→ **What to produce**
Exact reproduction required: the lines below from the line with "Thumbnail: 2016 smart fortwo - 16" to the line with "Sleeve wrapper and shrink tunnel", both ends included, and no others.

→ **Excerpted data**
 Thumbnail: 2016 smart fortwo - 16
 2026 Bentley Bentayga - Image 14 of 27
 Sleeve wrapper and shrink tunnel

* * *

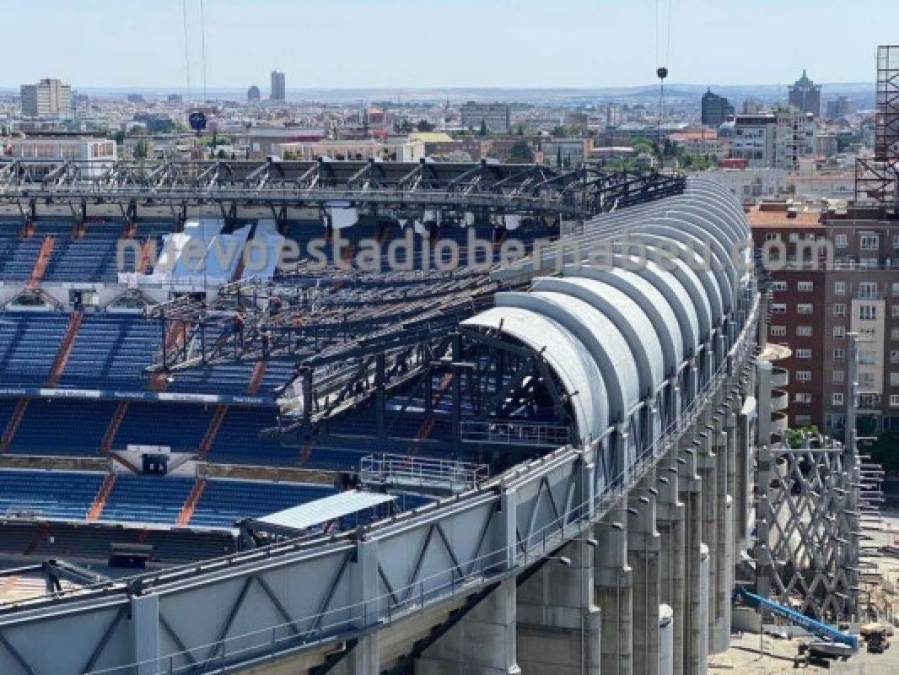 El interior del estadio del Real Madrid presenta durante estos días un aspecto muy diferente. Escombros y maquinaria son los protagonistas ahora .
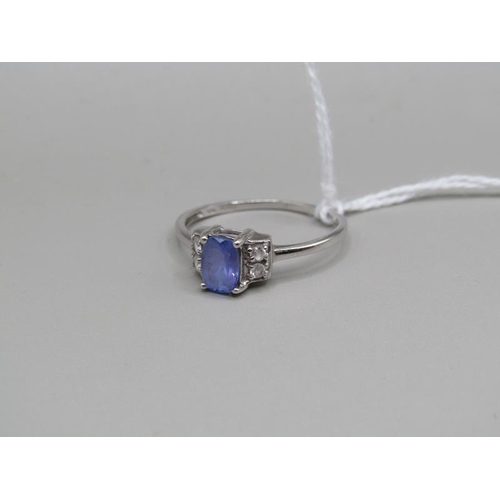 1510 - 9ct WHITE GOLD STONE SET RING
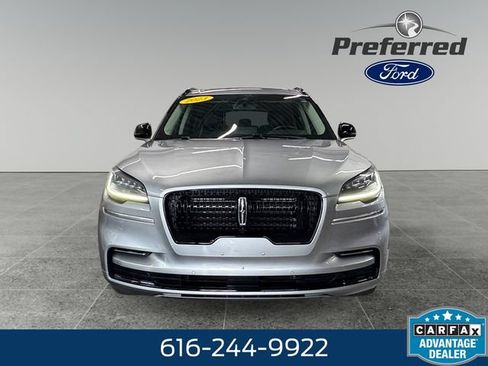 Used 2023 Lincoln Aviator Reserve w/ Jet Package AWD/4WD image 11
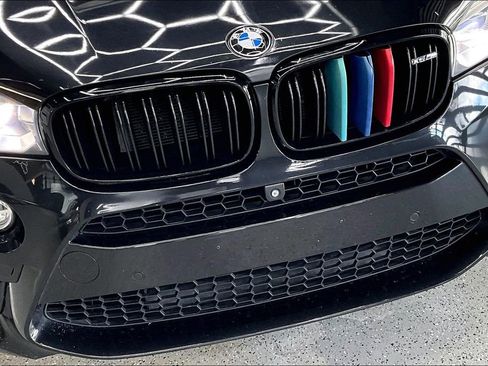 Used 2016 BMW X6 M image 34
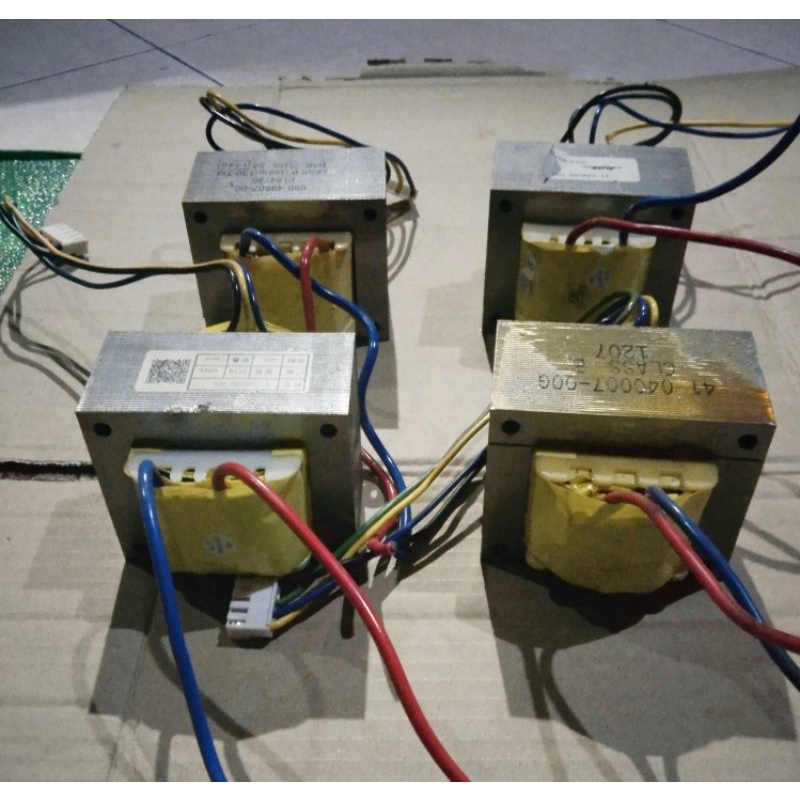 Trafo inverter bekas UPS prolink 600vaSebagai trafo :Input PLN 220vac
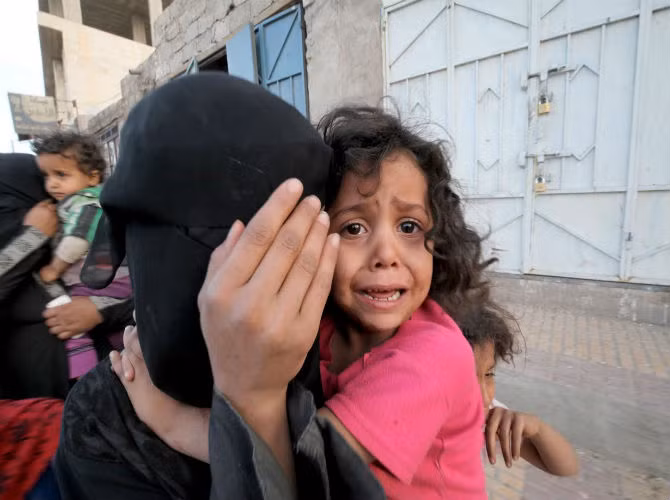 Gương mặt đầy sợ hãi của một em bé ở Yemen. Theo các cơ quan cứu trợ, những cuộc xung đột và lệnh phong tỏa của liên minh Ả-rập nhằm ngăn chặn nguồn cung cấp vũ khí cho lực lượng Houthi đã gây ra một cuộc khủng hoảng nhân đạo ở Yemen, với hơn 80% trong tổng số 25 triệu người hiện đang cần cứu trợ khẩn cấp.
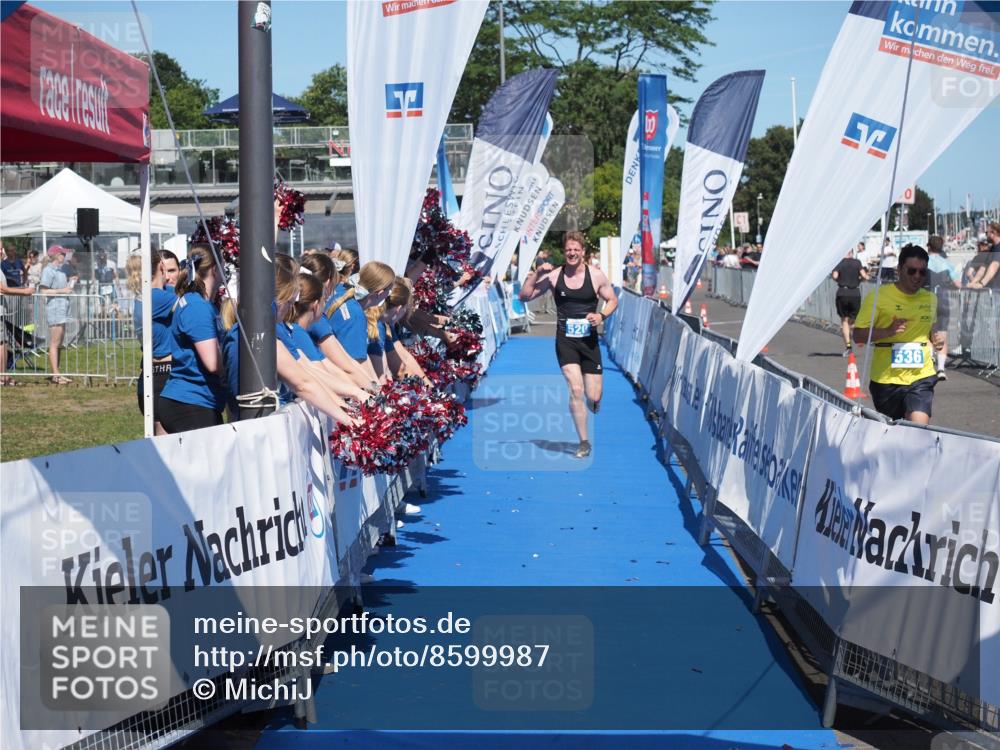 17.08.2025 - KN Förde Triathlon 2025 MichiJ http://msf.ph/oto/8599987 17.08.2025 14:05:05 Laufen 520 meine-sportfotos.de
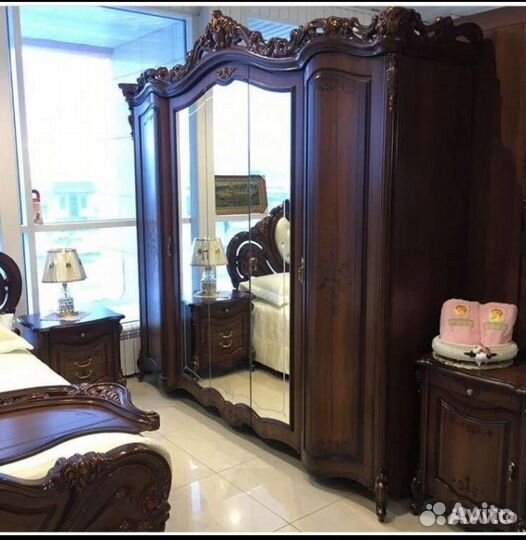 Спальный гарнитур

---

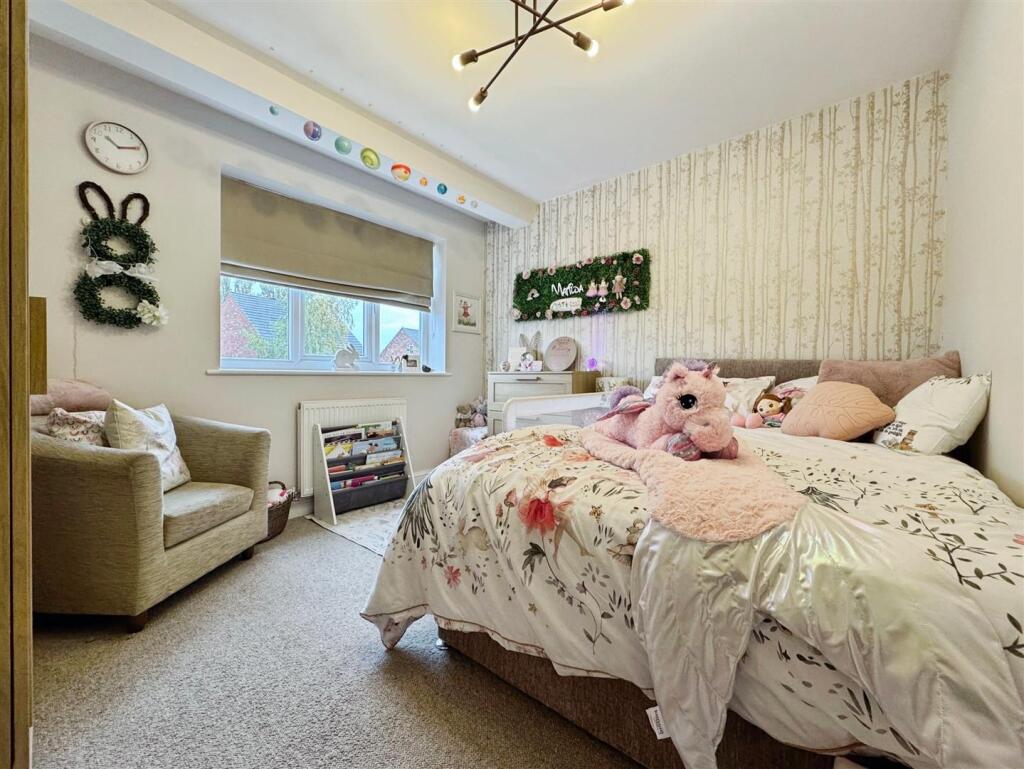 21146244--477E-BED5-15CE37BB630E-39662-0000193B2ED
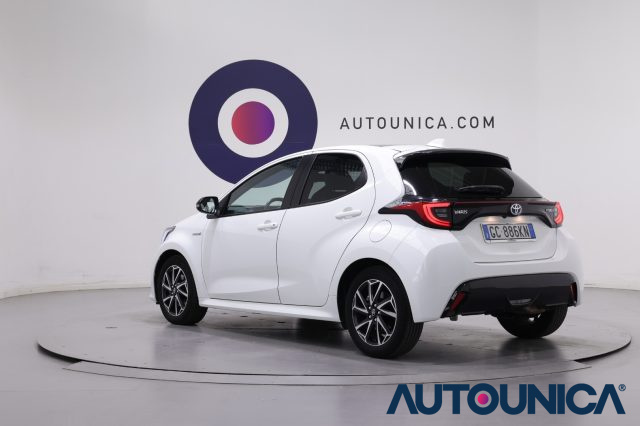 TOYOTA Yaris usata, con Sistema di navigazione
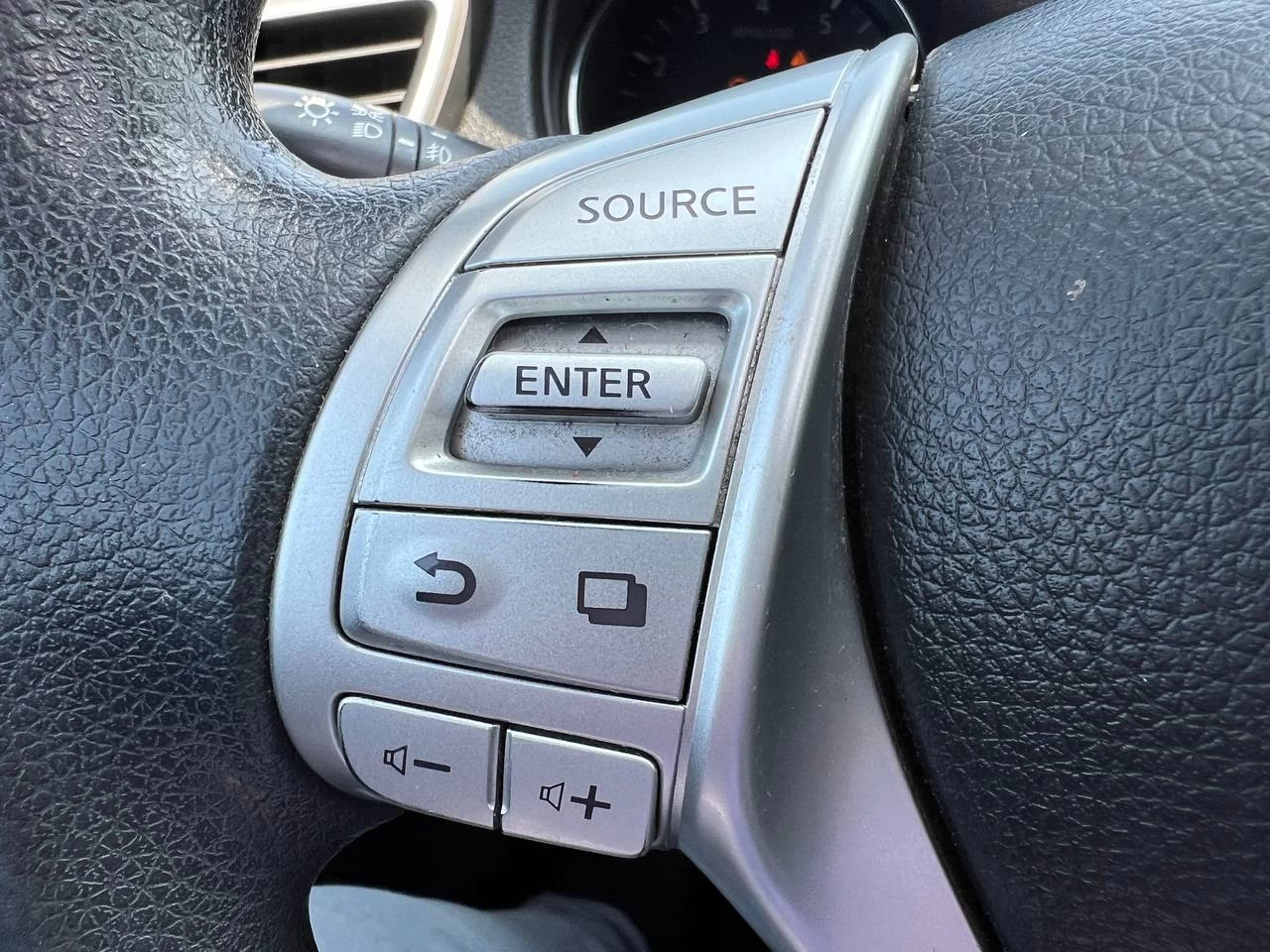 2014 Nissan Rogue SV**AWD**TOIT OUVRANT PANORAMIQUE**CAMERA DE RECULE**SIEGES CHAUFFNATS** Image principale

→ **Answer**
 Thumbnail: 2016 smart fortwo - 16
 2026 Bentley Bentayga - Image 14 of 27
 Sleeve wrapper and shrink tunnel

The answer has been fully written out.